• sabato , 19 Settembre 2020

Il suono della storia

Al giorno d’oggi per ascoltare musica sono sufficienti un paio di clic: sul cellulare, in radio, in macchina, alla fermata dell’autobus. La musica fa parte delle nostre giornate felici e di quelle tristi, è presente nei momenti di gioia e in quelli di lutto. Ovunque e comunque.

Una possibile definizione è quella riportata sull’Enciclopedia Treccani: mùṡica s. f. [dal lat. musĭca, gr. μουσική, femm. sostantivato dell’agg. μουσικός «musicale» (sottint. τέχνη «arte»)]. – 1. a. L’arte che consiste nell’ideare e nel produrre successioni strutturate di suoni semplici o complessi, che possono variare per altezza, per intensità e per timbro, per mezzo della voce umana, di strumenti o della combinazione di entrambe queste fonti.

Come affermava M. Schafer, compositore e ambientalista canadese, viviamo in un paesaggio sonoro naturale. Percepiamo continuamente suoni, anche in maniera inconscia, che hanno la capacità intrinseca di dare origine a colori e immagini e fanno riaffiorare nella nostra mente i ricordi che, per un motivo o per l’altro, associamo a quelle note.

Possiamo quindi affermare che la storia della musica è la storia dell’uomo, considerando la sua presenza costante e continua nei secoli e nelle diverse società umane che si sono susseguite.

La capacità degli ominidi di emettere suoni dimostra come la musica, ossia suono che trasmette emozioni, apparve probabilmente prima ancora della parola. Ad occuparsi di questo studio è stato Jeremy Montagu, dell’università di Oxford, che in un voluminoso saggio affronta la nascita della musica basandosi su reperti archeologici e resti di ominidi.

Studiando i crani dei fossili e le mascelle delle scimmie odierne, scoprì che circa un milione di anni fa, l’antenato comune dei Neanderthal e degli umani moderni aveva l’anatomia vocale per cantare, è ovviamente impossibile stabilire se davvero lo facesse.

Tuttavia sappiamo con certezza che 12.000 anni fa le stalattiti venivano suonate contro la roccia delle grotte, usate come casse di risonanza, e forse sono proprio questi i primi strumenti musicali.

La musica ci ha quindi accompagnati fin dall’inizio, forse ancora prima della parola, creando e consolidando legami, per citare le parole di Montagu “è persino possibile che la musica, abbia favorito la nascita della società stessa, tenendo insieme individui che avrebbero invece potuto condurre vite solitarie.”
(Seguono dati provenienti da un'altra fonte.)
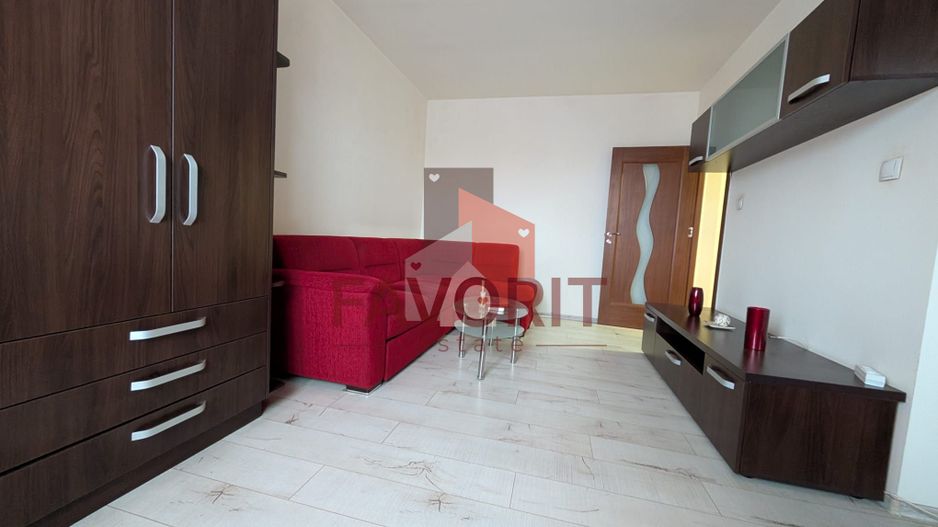 2 camere | mobilat si utilat | zona excelenta | - Poză 1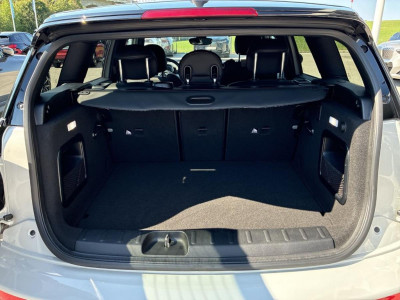 MINI Clubman Gebrauchtwagen MINI Clubman Gebrauchtwagen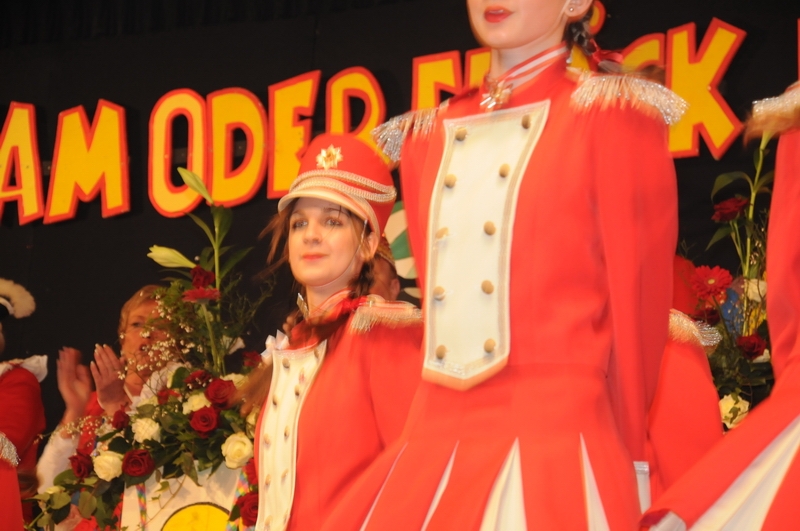 Kostuemsitzung-Teil1_303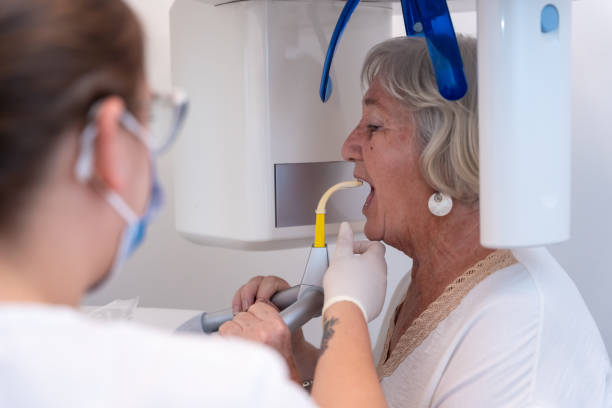 Best Emergency Treatment for Dental Infections or Abscesses in Cross Plains, TN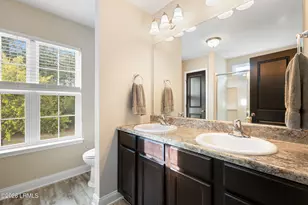 80 9th Ave, Bluffton, SC 29910 - Photo 38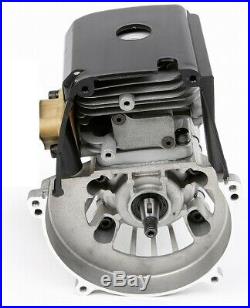 4 bolt 32cc upgrade 36cc engine kit fit 1/5 HPI Baja 5B SS Rovan KM Losi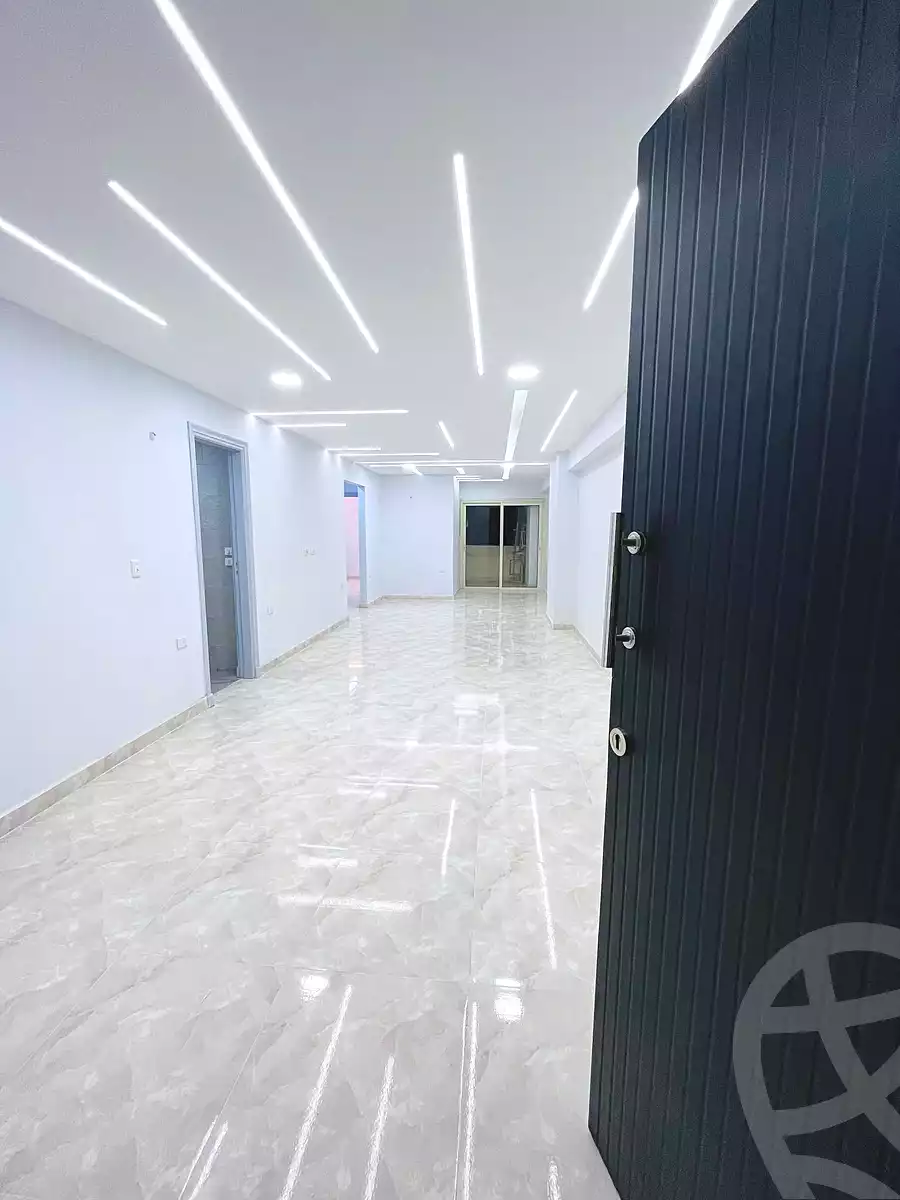 https://aqarmap.com.eg/en/listing/7246857-for-rent-cairo-hadayek-el-koba-saraya-el-kobba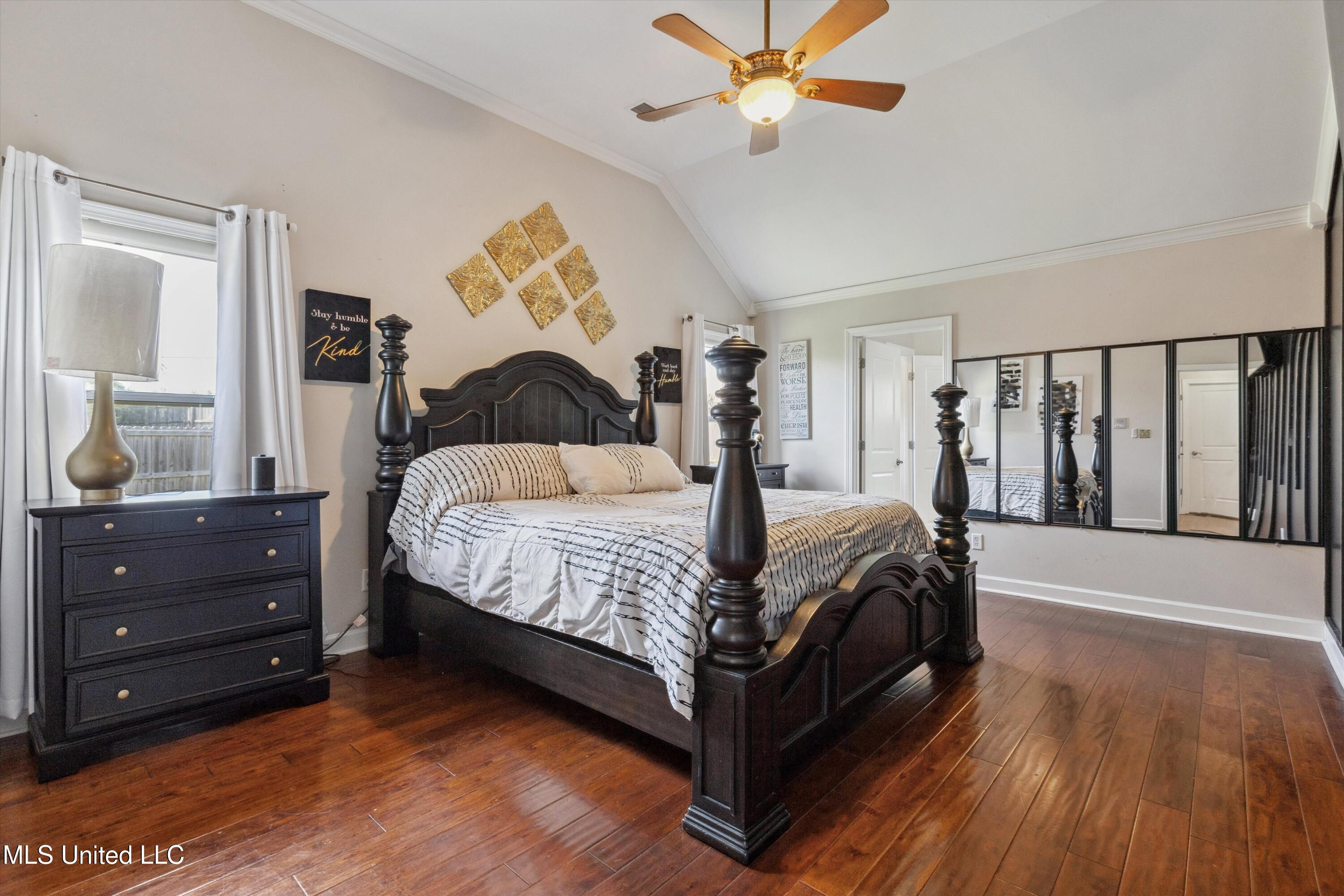 2196 Little Elk Cove, Southaven, Mississippi image 19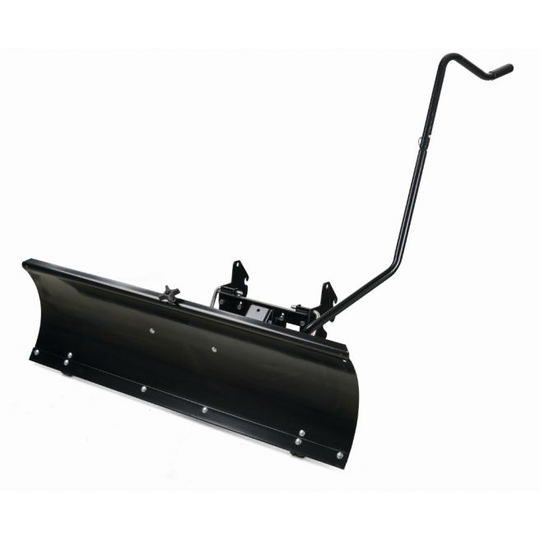 MTD Skrabeblad 117cm Std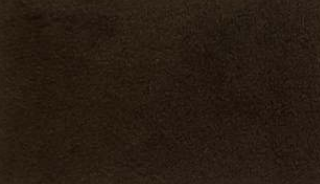 Adriana Fabric by Sarom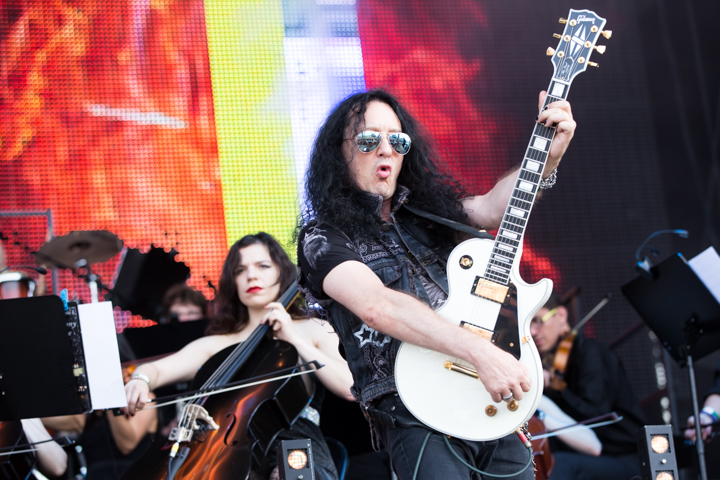Rock Meets Classic @ Wacken Open Air 2015, picture 21, photographed by Dorien Goetschalckx - FrontView Magazine
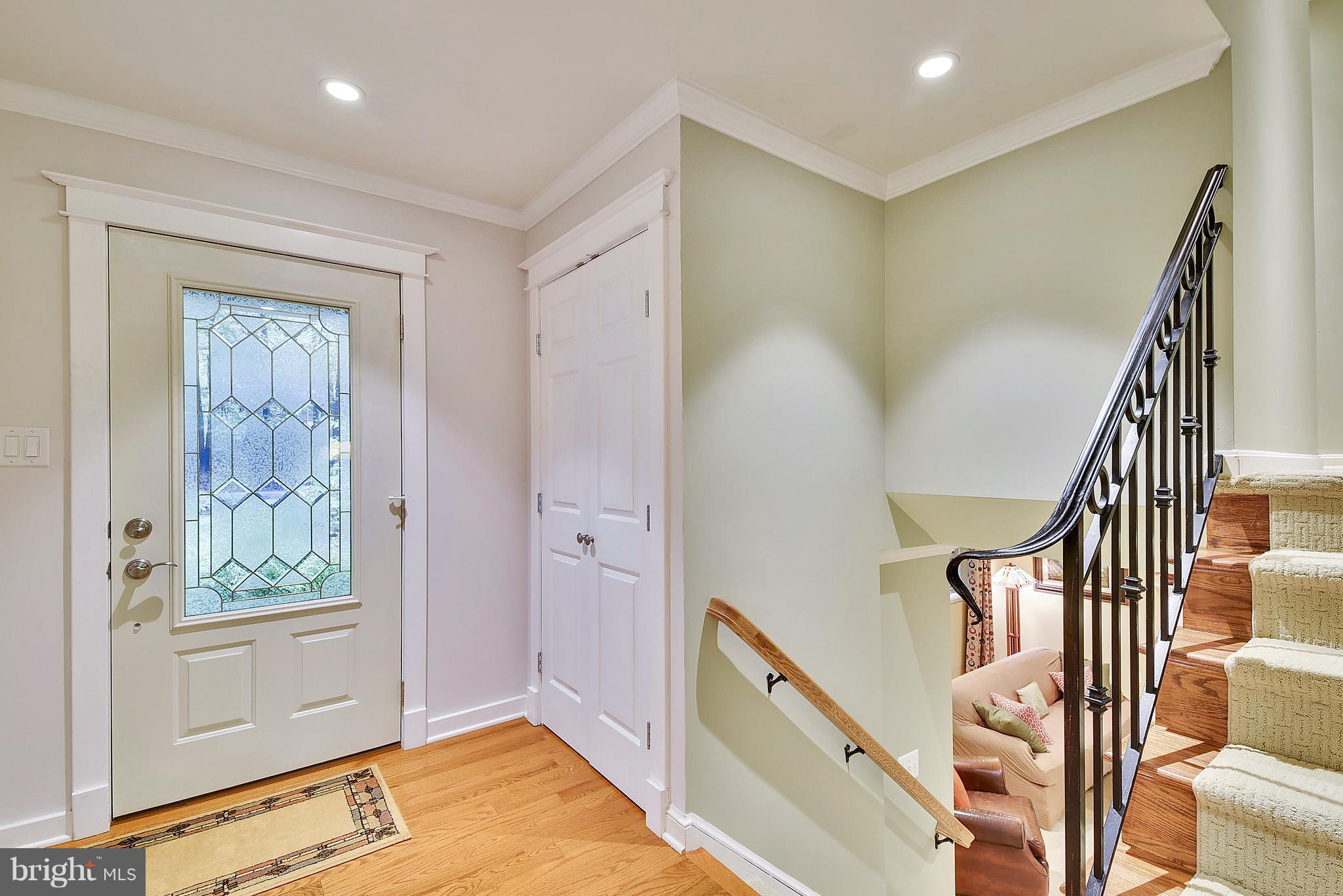 2408 Black Cap Lane Reston, VA 20191 - Photo 3 of 30 Interior (General)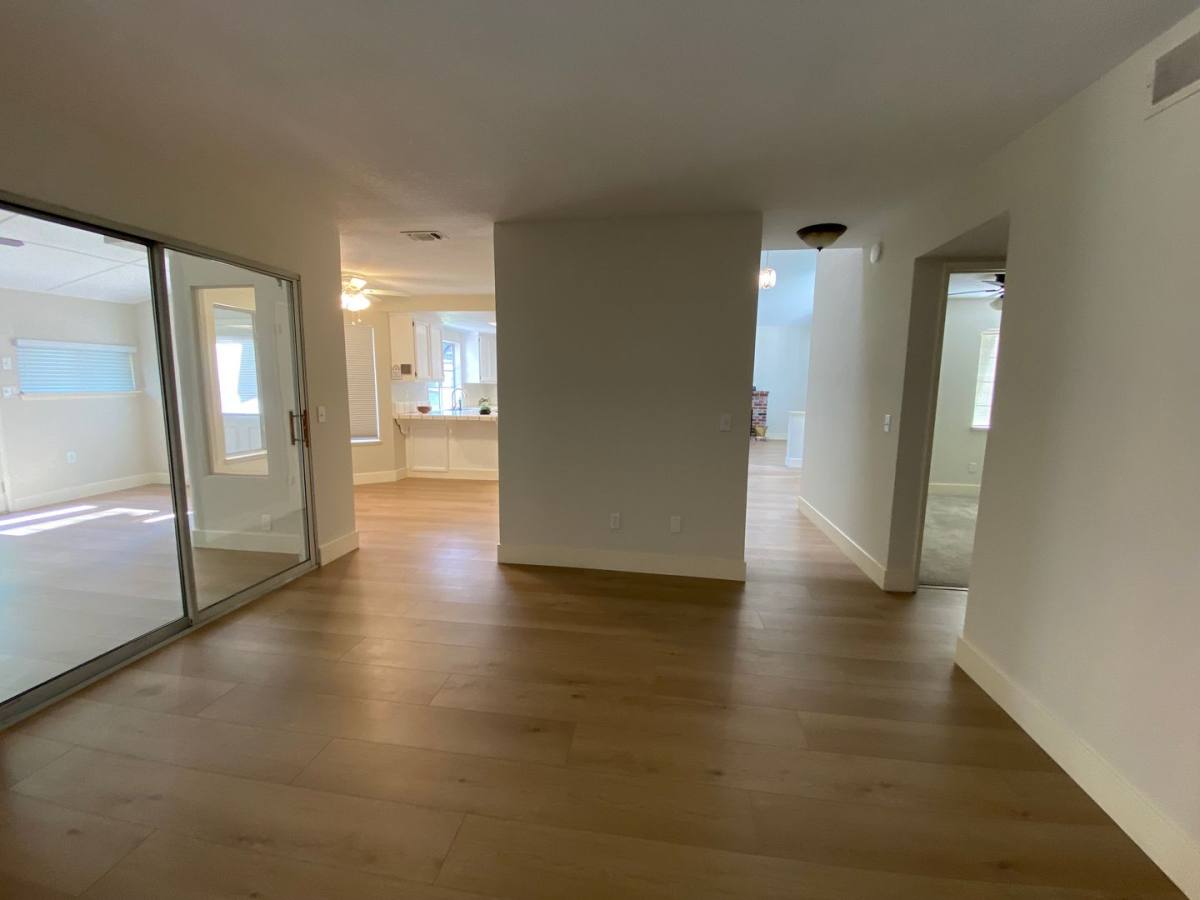 House for rent at 8524 Oak Harbour Court, Fair Oaks, CA 95628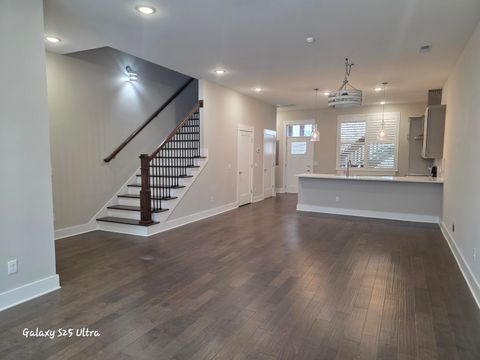 Tiny photo for 1408 Slayton Street, Chattanooga, TN 37408 (MLS # 1527175)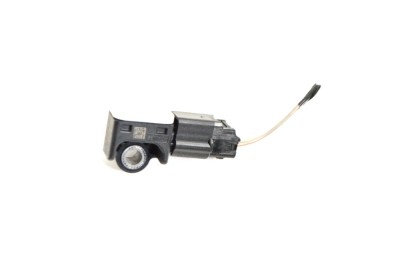 Senzor de impact st&amp;acirc;nga spate JAGUAR XJ X351 2011 OEM: 8M5T-14B342-AC 13796262 foto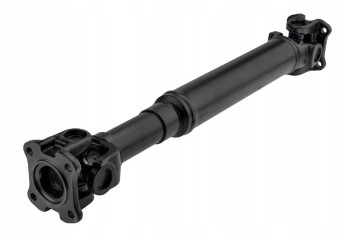 DRIVE SHAFT SORENTO 02 06 FRONT MTM Quality of parts according to GVO P replacement with original quality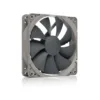 Noctua NF-P12 redux-1700 PWM 120mm Fan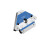 Industrial Magnetic Welding Clamp Welding Holder With-A 1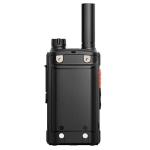 POC Long Distance Two Way Radio BQ-338 4G gps positioning Nationwide unlimited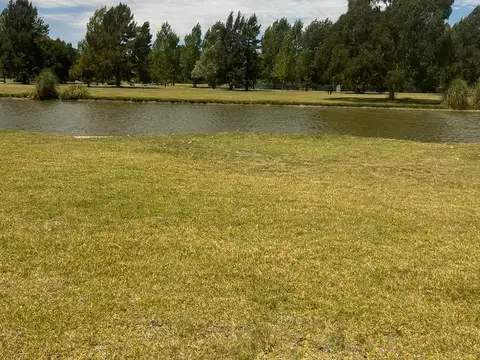 Terreno en Venta de 1133,0 m2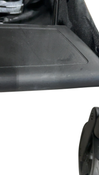 Shop Joolz Aer+ Stroller, 2024, Hazel Brown at GoodBuy Gear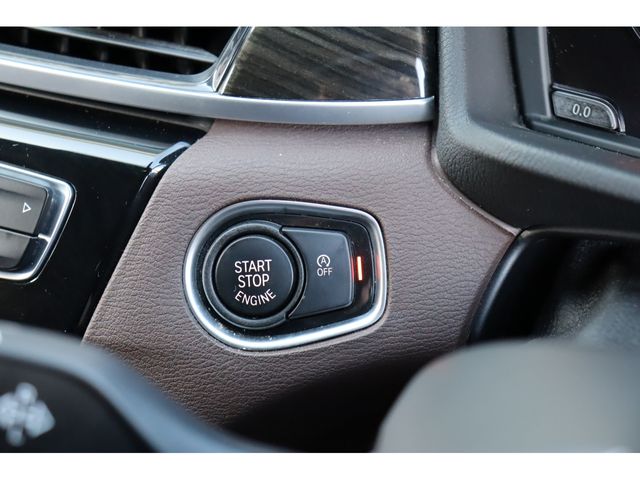 BMW X1 2018 Image 31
Un’ulteriore conferma alla nascita della musica precedente a quella della parola può essere trovata nello studio condotto da un gruppo di neuroscienziati dell’Università Normale di Pechino e del MIT di Boston che dimostrarono come lo studio precoce della musica favorisca la capacità di elaborare i suoni che sono poi alla base delle abilità linguistiche. Sappiamo infatti che la musica e il linguaggio condividono molti aspetti dell’elaborazione dei suoni e la ricerca dimostra come studiando uno strumento, in questo caso il pianoforte, i bambini migliorano sia la capacità di percepire i toni, sia quella di discriminare le parole.

Inoltre, secondo altri due studi condotti da Samuel Mehr, ricercatore dell’Università di Harvard, imparare a suonare uno strumento aiuta i bambini a sviluppare creatività, disciplina e autostima, aumentando esponenzialmente il loro bagaglio culturale, senza però renderli più intelligenti, come invece sosteneva uno studio del 1993 pubblicato su Nature, secondo il quale ascoltando 10 minuti al giorno Mozart le capacità spazio-temporali sarebbero notevolmente migliorate.

La musica ci accompagna da sempre e lo farà per sempre, dalla nascita alla morte, in un turbine di sensazioni, suoni ed emozioni che creano immagini e fanno riaffiorare ricordi.